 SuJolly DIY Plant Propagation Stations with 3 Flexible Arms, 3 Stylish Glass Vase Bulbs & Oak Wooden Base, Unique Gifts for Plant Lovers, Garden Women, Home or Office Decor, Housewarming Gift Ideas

==

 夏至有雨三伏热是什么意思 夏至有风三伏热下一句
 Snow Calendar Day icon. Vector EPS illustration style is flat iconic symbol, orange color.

---

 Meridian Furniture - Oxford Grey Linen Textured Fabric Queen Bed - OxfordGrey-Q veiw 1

What is needed: Would you quote everything above from the line containing "夏至有雨三伏热是什么意思 夏至有风三伏热下一句" down to the line containing "Snow Calendar Day"? Include both of those lines and nothing else.

Written solution:
 夏至有雨三伏热是什么意思 夏至有风三伏热下一句
 Snow Calendar Day icon. Vector EPS illustration style is flat iconic symbol, orange color.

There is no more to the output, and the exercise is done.